*** ENTRIES SHOWN ***

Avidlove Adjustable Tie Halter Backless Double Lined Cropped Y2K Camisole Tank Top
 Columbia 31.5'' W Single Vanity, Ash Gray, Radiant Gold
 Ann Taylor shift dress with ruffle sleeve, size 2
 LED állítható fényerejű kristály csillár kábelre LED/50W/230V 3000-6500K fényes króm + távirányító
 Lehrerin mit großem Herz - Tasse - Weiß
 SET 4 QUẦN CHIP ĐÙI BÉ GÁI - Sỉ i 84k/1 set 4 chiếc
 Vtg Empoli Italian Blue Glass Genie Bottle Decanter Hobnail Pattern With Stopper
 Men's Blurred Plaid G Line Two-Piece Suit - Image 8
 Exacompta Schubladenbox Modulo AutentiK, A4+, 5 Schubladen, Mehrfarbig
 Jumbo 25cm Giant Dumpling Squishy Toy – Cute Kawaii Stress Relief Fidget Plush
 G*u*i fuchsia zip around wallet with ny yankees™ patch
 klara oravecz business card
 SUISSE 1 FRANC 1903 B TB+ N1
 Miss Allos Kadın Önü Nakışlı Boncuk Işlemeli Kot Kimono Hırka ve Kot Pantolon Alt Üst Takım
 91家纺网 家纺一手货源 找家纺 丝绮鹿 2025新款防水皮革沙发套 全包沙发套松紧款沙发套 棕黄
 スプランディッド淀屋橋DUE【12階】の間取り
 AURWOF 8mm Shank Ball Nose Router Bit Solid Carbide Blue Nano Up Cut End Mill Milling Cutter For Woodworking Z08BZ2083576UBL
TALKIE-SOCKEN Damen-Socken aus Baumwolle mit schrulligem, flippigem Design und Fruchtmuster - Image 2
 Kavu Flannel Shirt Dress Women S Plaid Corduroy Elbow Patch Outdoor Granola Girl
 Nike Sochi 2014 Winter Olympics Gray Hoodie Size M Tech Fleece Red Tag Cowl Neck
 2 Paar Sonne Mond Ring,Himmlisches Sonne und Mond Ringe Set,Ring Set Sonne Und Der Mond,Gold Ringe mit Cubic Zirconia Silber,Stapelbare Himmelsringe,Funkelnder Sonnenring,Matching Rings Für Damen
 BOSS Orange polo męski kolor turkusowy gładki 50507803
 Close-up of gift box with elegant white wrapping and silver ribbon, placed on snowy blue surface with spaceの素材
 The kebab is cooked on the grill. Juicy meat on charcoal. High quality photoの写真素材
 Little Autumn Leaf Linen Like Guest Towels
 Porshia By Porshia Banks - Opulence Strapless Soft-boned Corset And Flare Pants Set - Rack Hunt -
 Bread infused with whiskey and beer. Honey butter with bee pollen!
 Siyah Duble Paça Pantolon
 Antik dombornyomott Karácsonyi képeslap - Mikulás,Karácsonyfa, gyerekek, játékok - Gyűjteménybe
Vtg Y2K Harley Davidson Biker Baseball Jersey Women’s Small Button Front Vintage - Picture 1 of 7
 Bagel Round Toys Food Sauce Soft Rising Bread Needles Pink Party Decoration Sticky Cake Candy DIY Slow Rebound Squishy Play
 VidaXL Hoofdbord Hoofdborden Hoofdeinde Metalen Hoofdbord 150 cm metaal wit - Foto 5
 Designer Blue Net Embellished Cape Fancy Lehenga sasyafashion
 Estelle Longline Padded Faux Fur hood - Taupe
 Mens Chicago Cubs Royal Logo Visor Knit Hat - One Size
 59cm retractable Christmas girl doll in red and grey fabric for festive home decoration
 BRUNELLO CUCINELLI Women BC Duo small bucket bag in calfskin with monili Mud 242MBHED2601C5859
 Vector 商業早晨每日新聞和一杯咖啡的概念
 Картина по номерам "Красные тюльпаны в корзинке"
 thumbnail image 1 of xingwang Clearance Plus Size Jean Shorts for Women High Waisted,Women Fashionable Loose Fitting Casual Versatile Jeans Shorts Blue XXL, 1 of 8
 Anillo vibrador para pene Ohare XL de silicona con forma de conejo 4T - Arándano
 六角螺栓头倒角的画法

*** End of ENTRIES SHOWN ***

§ PROBLEM STATEMENT
If a line in the records above holds the string "Bread", copy it.

§ WRITTEN RESPONSE
 Bread infused with whiskey and beer. Honey butter with bee pollen!
 Bagel Round Toys Food Sauce Soft Rising Bread Needles Pink Party Decoration Sticky Cake Candy DIY Slow Rebound Squishy Play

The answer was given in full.